Ensuite, il se projette déjà et s’interroge sur la culture de conservation et de restauration de ces œuvres une fois restituées. Dans cette optique, ayant notamment vu venir ces richesses culturelles, le DG de l’Académie des beaux-arts a initié le département de restauration et conservation des œuvres d’art. Une filière jeune et pas encore très fréquentée par les étudiants, mais “c’est un département d’avenir”, rassure-t-il.
« On se dit que ces œuvres-là finiront par rentrer mais qui sont les personnes qui devront les manipuler, les conserver, les restaurer si jamais certaines n’étaient pas bien conservées ? », s’interroge Henri Kalama.
Et d’ajouter :
« Nous, notre pierre de contribution dans cette démarche est celle d’avoir créé ce département comme une sorte d’hôpital qui recevrait des œuvres d’art qui doivent être soignées si elles ne sont pas en bon état ou celles qui le sont déjà et qui doivent se faire un contrôle régulier pour l’être le plus longtemps possible ».

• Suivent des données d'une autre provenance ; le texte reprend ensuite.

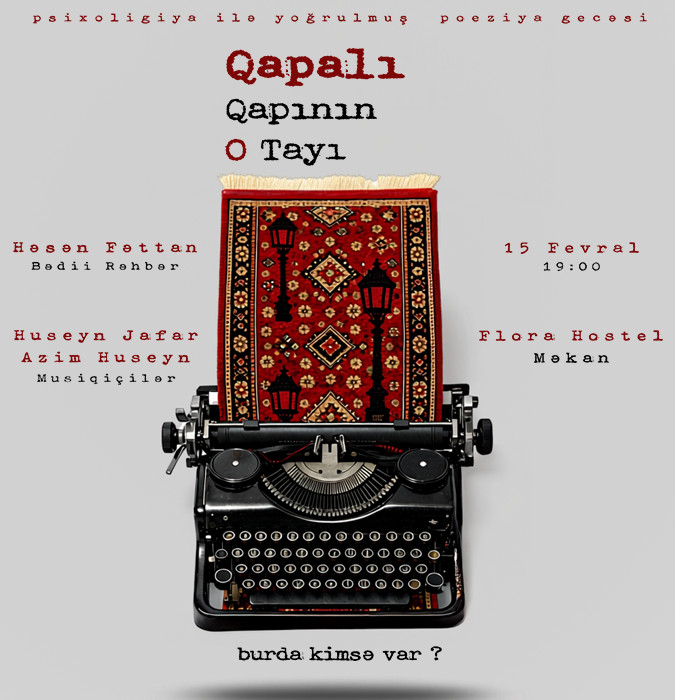 Qapalı Qapının O Tayı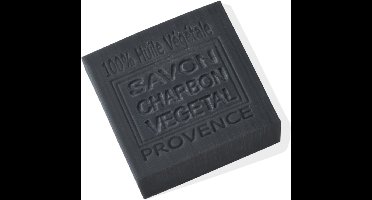 NAJEL scrubzeep met olijfolie en laurierolie - Bio Houtskool - 100% Biologisch - charcoal -  Zuiver plantaardige Aleppo zeep - Organic - Bad - Lichaam - Douche - Reiniging - Scrub - Peeling - houtskool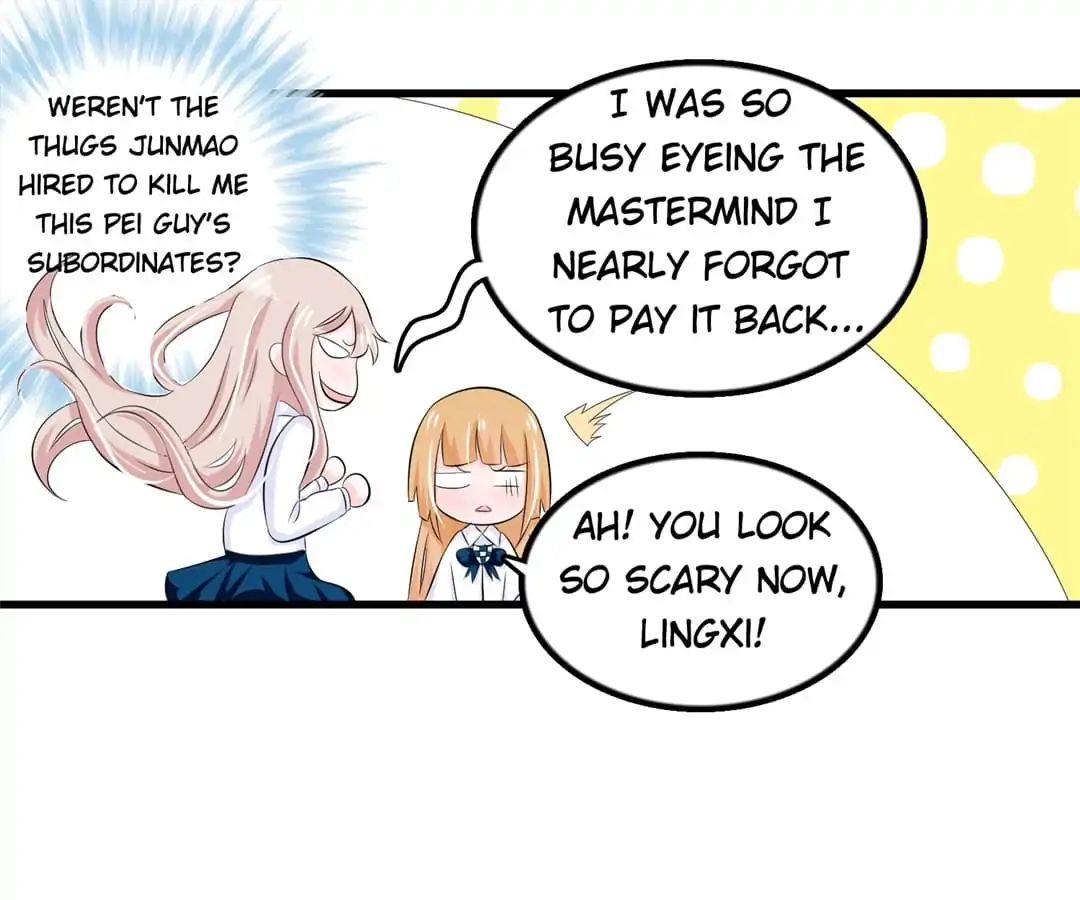 Delicate and Meek, Me? Chapter 38 page 33 - 
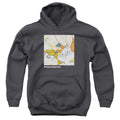 Looney Tunes Squad Goals Youth Hoodie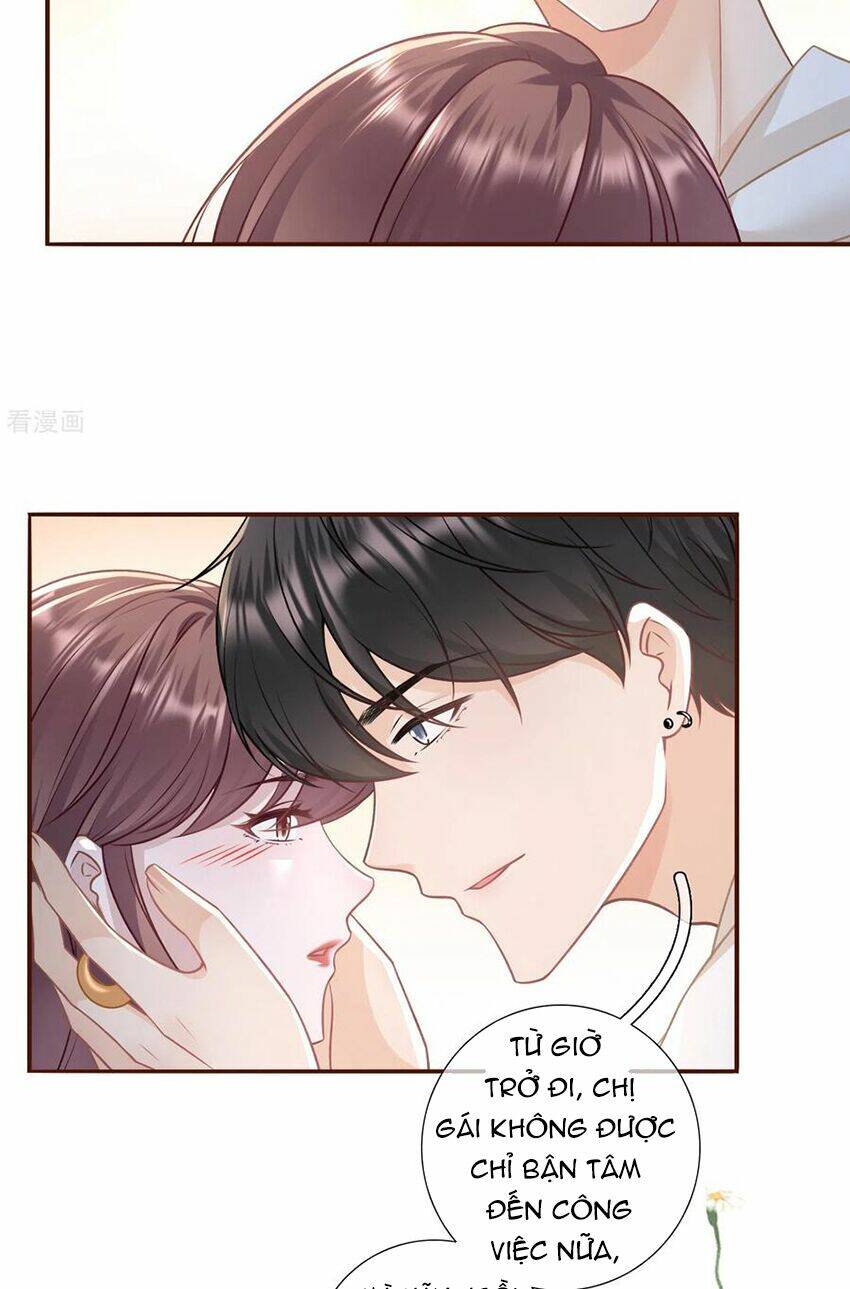 Bạn Gái Tôi Mới 30+: Chapter 115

“Le malheur est celui de penser que ce ne sont que des œuvres”
Toute l’importance de cette question de restitution est démontrée notamment par l’accélération, depuis quelques années, de la pression de la société civile belge et de la diaspora africaine. L'État belge a, pour sa part, réactivé la volonté de remettre acquis de droit ces biens. Si la RDC n’a pas encore fait de demande officielle de restitution, elle s'apprête notamment par plusieurs cadres légaux et administratifs mis en place pour se conformer et être à la hauteur de la situation.

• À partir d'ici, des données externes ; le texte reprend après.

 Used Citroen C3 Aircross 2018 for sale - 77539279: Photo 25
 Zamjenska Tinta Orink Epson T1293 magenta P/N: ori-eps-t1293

Et plus récemment, le 20 septembre dernier, la ministre congolaise de la culture, arts et patrimoine a reçu le nouveau directeur du musée royal d’Afrique central Bart Ouvry, dans son cabinet de travail à Kinshasa. Ce musée belge regorge une bonne partie des biens culturels congolais.
Accompagné de la chargée d'affaires à l'ambassade de la Belgique en RDC et de la chargée d'étude de provenance, le directeur du musée de Tervuren a échangé avec la ministre Catherine Kathungu Furaha qui était assistée de son directeur de cabinet, le professeur Joseph Ibongo, également président du comité scientifique de la RDC pour la question de rapatriement des objets culturels.

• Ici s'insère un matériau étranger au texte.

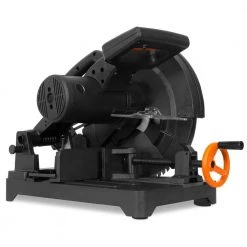 15 Amp 14 in. Premium Multi-Material Cut-Off Chop Saw with Carbide-Tipped Metal-Cutting Saw Blade by WEN -Outlet WEN Store wen chop saws cm1452 e1 1000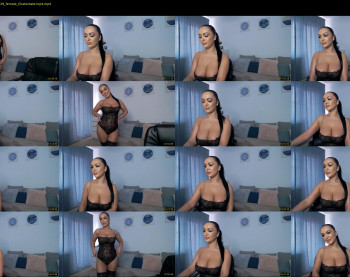 _josephine — 45 minute Chaturbate female naked cam show, 1080p, Apr 2, 2022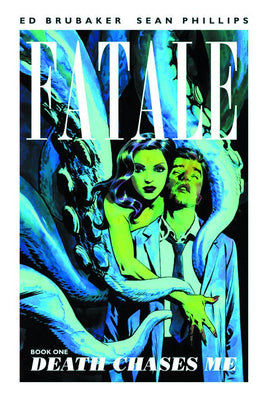 FATALE TP VOL 01 DEATH CHASES ME (MR) - The Mage's Emporium The Multiverse Shopify Collective The Multiverse Used English Graphic Novels Japanese Style Comic Book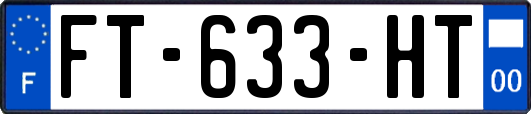 FT-633-HT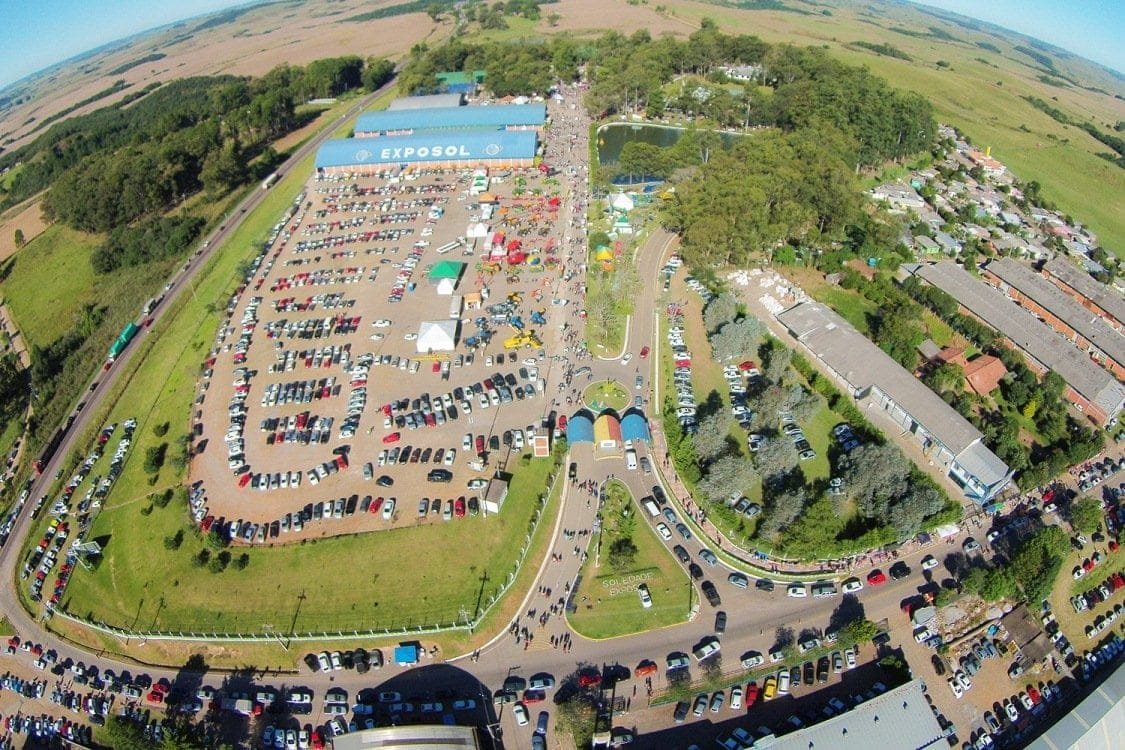 Maior Feira de Pedras Preciosas da América Latina começa nesta sexta-feira!
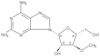 2-Amino-3′-O-methyladenosine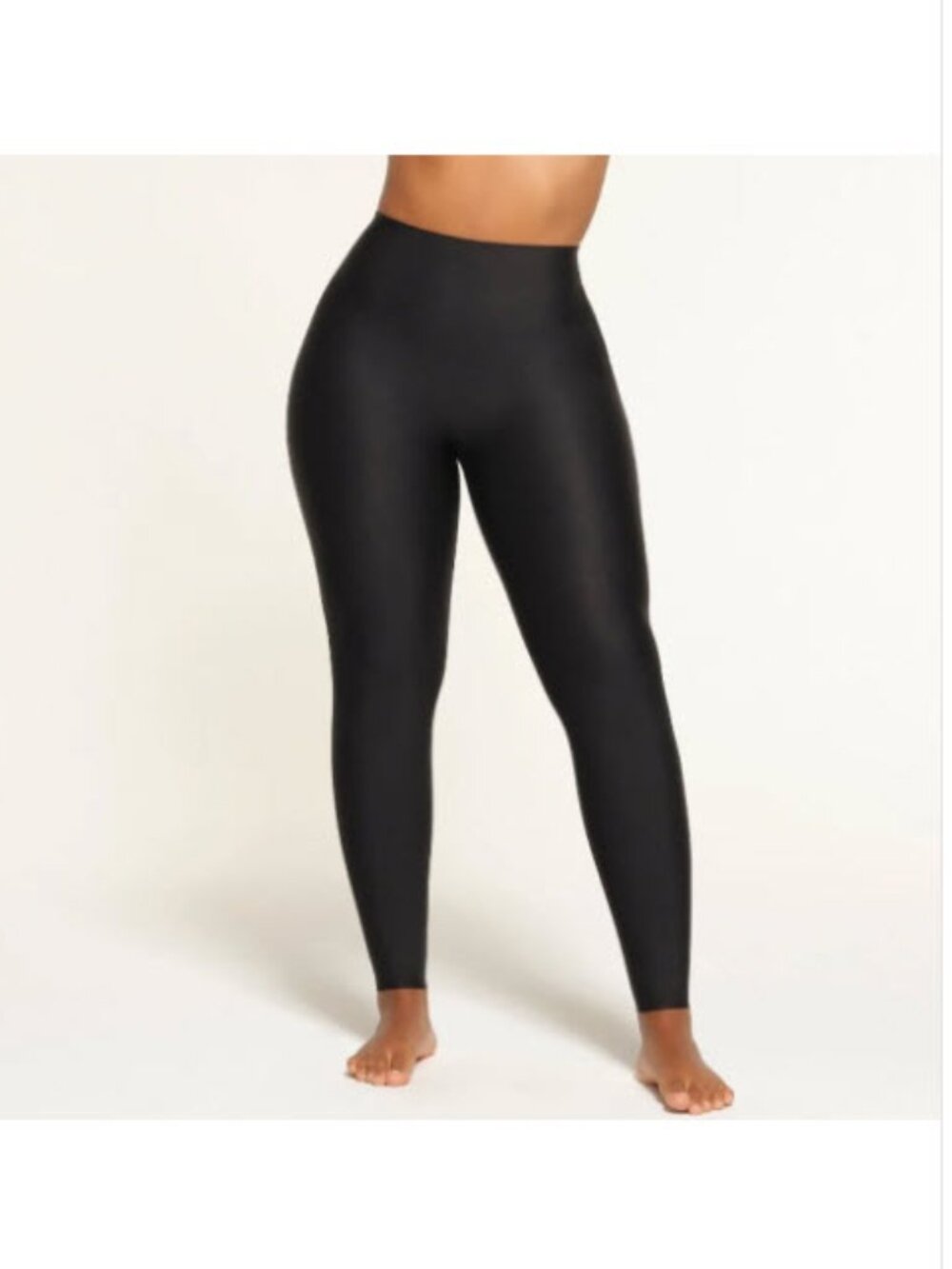 NWT SKIMS Women's Black Body Core Sculpt Legging Size S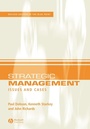 Cover: Strategic Management - Wiley
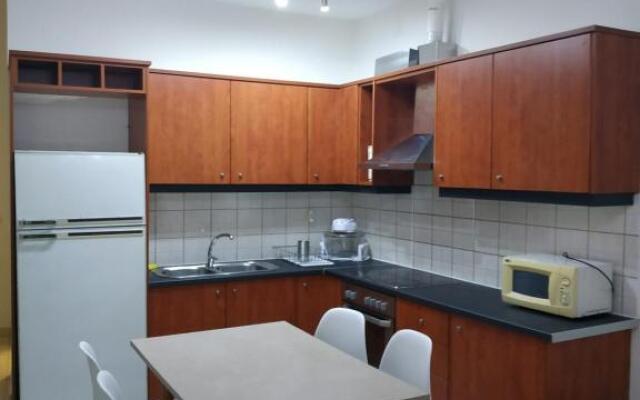 Urban comfortable apartment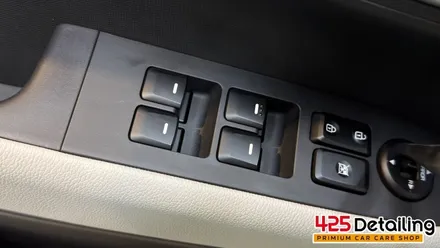 군포 송정지구 기아 레이 디테일링 세차 후기 / 경기 군포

D’où, Henri Kalama ne tolère pas les voies réductrices qu’il trouve malheureux de penser que ce ne sont que des œuvres d’art.
« Nous ne devons pas être réducteurs dans notre façon d’aborder cette question, c’est à nous d’éduquer, c’est à nous de montrer que notre histoire pourrait être racontée à travers ces œuvres. Si vous ne les voyez pas en tant que patrimoine, ces œuvres ont aussi une valeur marchande. Même, vu sur cet angle-là, c’est un bénéfice pour notre nation. Le malheur est celui de penser que ce ne sont que des œuvres. Ce sont les œuvres que nous ont léguées nos ancêtres, c’est notre richesse patrimoniale », ajoute le DG de l’Académie des beaux-arts.
Pour rappel, en mars 2022, le Premier ministre, Sama Lukonde, a officiellement remis à la ministre de la culture, arts et patrimoine, le répertoire et la cassette des échantillons des biens culturels de la RDC détenus par la Belgique. Le chef du gouvernement congolais les avait reçus en février auprès de son homologue belge, Alexandre de Croo. Ces documents répertorient 84 000 objets culturels congolais ayant rejoint la Belgique pendant la colonisation.
Aussi, le roi Philippe a procédé, lors de son passage en RDC, à la remise d’un masque de l’ethnie Suku dénommé “Kakuungu”. Ce masque est hébergé au sein du musée national de la RDC pour symboliser la collaboration en matière de reconstitution du patrimoine culturel congolais. Le sculpteur, auteur du masque se nommait Nkoy. Ce masque était utilisé pour des rites initiatiques et avait des vertus protectrices, avait expliqué le Palais royal belge.